Tablet sales plummeted almost 14% year over year in the fourth quarter, though detachables — tablets with removable keyboards — are selling at an all-time high.
The global market for tablet computers ended the year with a whimper, as the once sizzling market showed further signs of cooling, according to numbers from a market tracker.
Research firm IDC reported a 13.7% year-over-year drop in worldwide tablet sales in the fourth quarter, with 65.9 million units shipped. For the full year, IDC said the number of tablets shopped fell 10.1% from a year earlier to 206.8 million.
Tablet sales had been gaining momentum through 2014, but failed to live up to many forecasts as consumers shifted to slim laptop computers and kept their tablets longer than expected before replacing them.
One bright spot in the tablet market, however, has been the “detachable” segment with removable keyboards such as the iPad Pro, which is growing at a strong pace, according to IDC. For 2015, detachable tablets reached an all-time high of 8.1 million units, the report said.

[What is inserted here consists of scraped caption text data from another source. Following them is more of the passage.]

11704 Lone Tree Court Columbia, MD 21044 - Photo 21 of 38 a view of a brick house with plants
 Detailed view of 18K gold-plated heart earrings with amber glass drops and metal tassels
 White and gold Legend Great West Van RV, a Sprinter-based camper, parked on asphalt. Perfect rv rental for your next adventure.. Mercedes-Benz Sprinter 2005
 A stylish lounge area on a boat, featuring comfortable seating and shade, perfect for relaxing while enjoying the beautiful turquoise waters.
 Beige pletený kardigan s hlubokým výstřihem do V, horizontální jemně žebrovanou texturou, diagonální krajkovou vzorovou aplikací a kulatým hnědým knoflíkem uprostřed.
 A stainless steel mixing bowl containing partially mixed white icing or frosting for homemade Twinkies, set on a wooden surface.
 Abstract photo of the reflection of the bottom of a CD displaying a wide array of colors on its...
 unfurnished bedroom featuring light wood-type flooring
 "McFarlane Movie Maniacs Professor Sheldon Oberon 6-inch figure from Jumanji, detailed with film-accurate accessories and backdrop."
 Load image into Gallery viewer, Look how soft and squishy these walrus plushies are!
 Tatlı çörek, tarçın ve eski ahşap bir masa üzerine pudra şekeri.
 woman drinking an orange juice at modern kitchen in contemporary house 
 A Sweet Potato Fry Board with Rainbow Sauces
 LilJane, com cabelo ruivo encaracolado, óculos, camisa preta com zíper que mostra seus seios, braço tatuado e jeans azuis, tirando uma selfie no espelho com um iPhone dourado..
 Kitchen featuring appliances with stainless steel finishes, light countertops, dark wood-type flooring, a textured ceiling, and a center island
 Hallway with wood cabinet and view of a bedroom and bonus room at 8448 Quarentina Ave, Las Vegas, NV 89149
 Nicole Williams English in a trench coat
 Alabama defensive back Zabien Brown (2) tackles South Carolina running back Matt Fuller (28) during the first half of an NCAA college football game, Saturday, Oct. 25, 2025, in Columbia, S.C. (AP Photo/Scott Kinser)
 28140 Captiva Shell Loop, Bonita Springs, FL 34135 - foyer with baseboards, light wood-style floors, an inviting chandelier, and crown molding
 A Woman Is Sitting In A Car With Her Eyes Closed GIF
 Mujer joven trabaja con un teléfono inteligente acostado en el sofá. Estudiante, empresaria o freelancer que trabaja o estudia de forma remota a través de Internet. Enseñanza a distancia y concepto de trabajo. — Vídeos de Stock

“One of the biggest reasons why detachables are growing so fast is because end users are seeing those devices as PC replacements,” IDC’s Jean Philippe Bouchard said. “We believe Apple sold just over 2 million iPad Pros while Microsoft sold around 1.6 million Surface devices, a majority of which were Surface Pro and not the more affordable Surface 3. With these results, it’s clear that price is not the most important feature considered when acquiring a detachable — performance is.”
Jitesh Ubrani, an IDC analyst, said the Apple iPad Pro “was the clear winner this season, as it was the top-selling detachable, surpassing notable entries from Microsoft and other PC vendors.”
But Ubrani said Google’s new detachable tablet had a “lackluster” reception and noted that its Android platform “will require a lot more refinement to achieve any measurable success.”
Apple kept its position at the top of the overall tablet market with fourth quarter sales of 16.1 million units, a market share of 24.5% despite a drop in unit sales of nearly 25%.
Amazon on Fire (Yes, Pun Intended)
Samsung was second with 9 million units and a 13.7% share, while Amazon took third place sales of 5.2 million and a 7.9% share.
While Amazon has not publicly released sales data for its Fire and Kindle devices, IDC said it appeared to gain traction with its bargain tablets, priced as low as $50.
According to IDC, Amazon tablet sales surged 175.7% in the past quarter, but said its success “has thus far been purely based on price,” adding that “while this bodes well during the holiday season, it’s unlikely the Kindle’s success will continue in the remainder of the year.”
China’s Lenovo and Huawei were fourth and fifth in sales with market shares of 4.8% and 3.4%, respectively.